Monday, April 22, 2013

Yo Obesity Doctors

Impact of Obesity in Children with Narcolepsy.
AIMS:
To evaluate the impact of obesity on clinical and sleep characteristics in a population of narcoleptic children.
METHODS:
Data from the children diagnosed with idiopathic narcolepsy in the National Reference Centers for Narcolepsy were collected between 2008 and 2011. Clinical and electrophysiological characteristics were compared between obese (body mass index [BMI] greater than P97) and nonobese children.
RESULTS:
The 117 children (65 boys, 59 de novo patients) had a mean age of 11.6 ± 3.1 years on diagnosis. Cataplexy was present in 81%, DQB1*0602 in 91%. Mean BMI was 23.2 ± 5.2 kg/m2 and BMI z-score was 2.9 ± 2.6. Obesity was found in 60% with a similar prevalence in treated versus de novo patients and in patients with and without cataplexy. Sleepiness and cataplexy started earlier in obese children. Obese narcoleptic children had lower sleep efficiency, higher apnea hypopnea index and respiratory arousals index (RAI) than nonobese children. BMI z-score was positively correlated with RAI. Obese children were more tired and missed more often school than nonobese children.
CONCLUSION:
Obesity affects more than 50% of narcoleptic children, mostly younger at disease onset, and has a deleterious impact on sleep quality as well as on school attendance.

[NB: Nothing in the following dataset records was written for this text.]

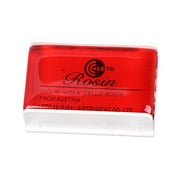 for Leto String Instruments Rosin Strong Adhesion Less Dust Natural Ingredients Safe Professional Improve Sensitivity Musical Instrument Accessories Universal Violin Viola Cello Erhu Bow Rosin for Mu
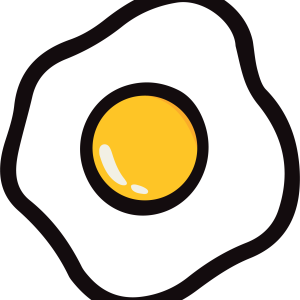 Fried egg PNG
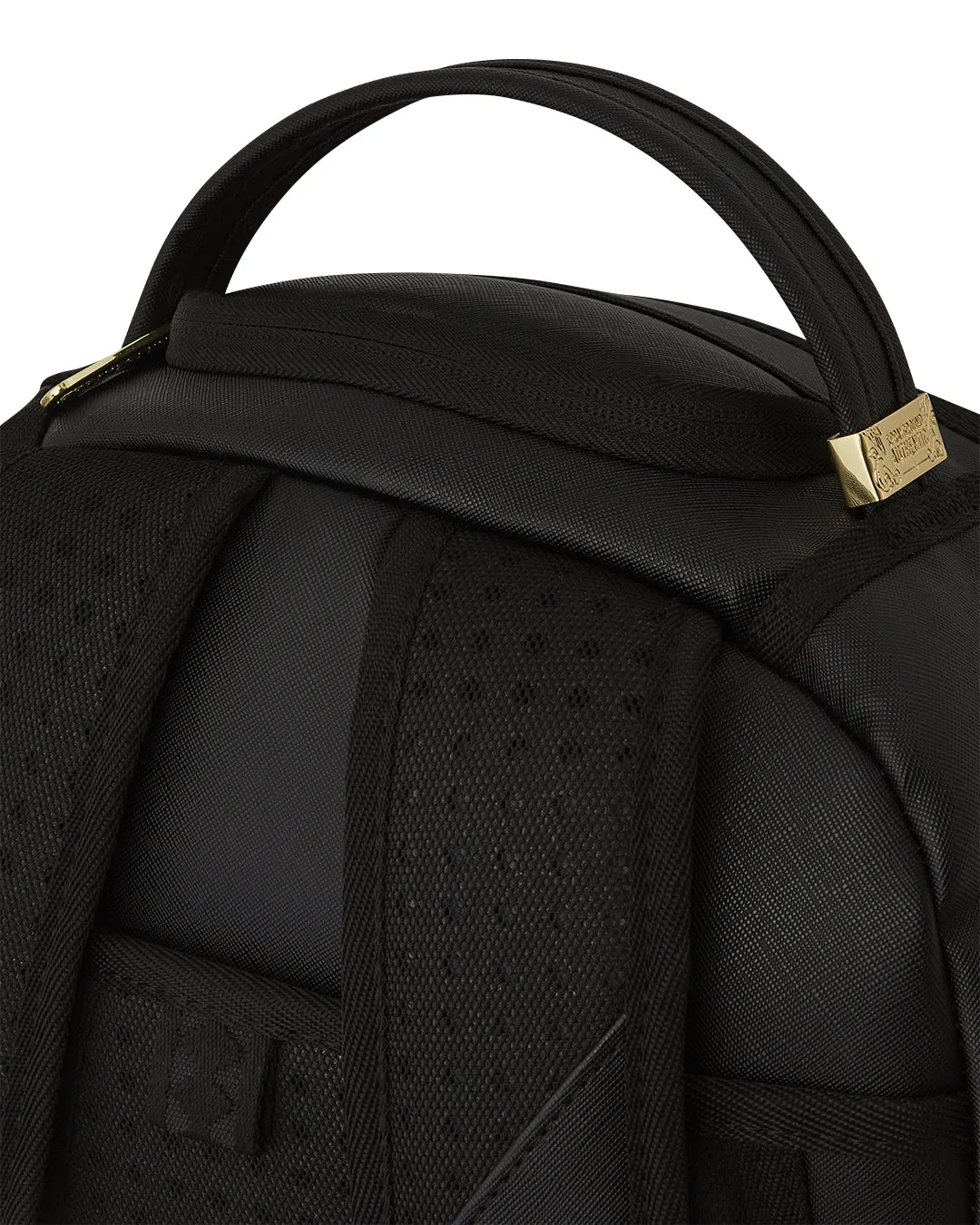 Sprayground - Gold Stripes Black Dlxsv Backpack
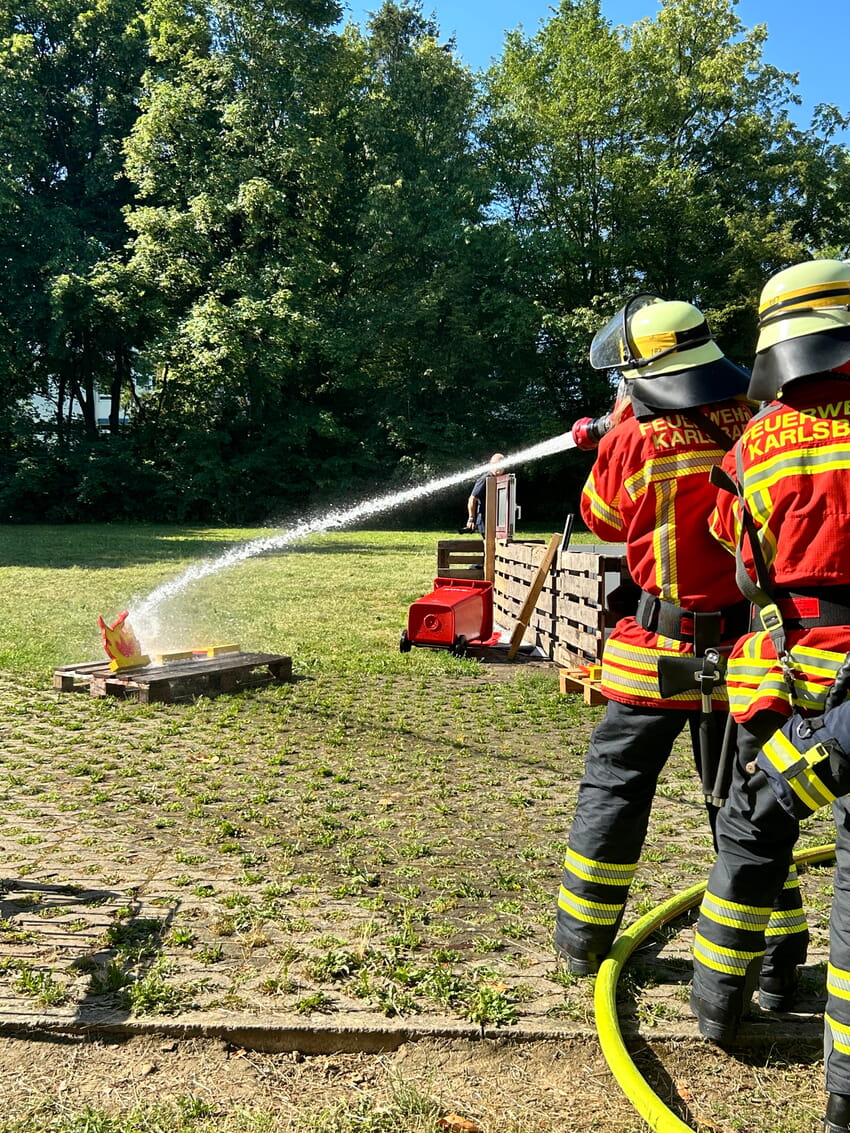 Bild:Feuerwehr Karlsbad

The obesity rate among narcoleptics is TWICE the normal population.  And it would be higher if you found and removed all the narcoleptics...

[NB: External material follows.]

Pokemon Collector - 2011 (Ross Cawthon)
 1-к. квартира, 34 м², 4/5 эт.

You think you might want to research that???

Here's some more evidence of dose dependent glucose effects-
Narcolepsy and pregnancy: a retrospective European evaluation of 249 pregnancies.
Weight gain during pregnancy was higher in narcoleptic patients with cataplexy. More patients with narcolepsy-cataplexy during pregnancy had impaired glucose metabolism and anaemia.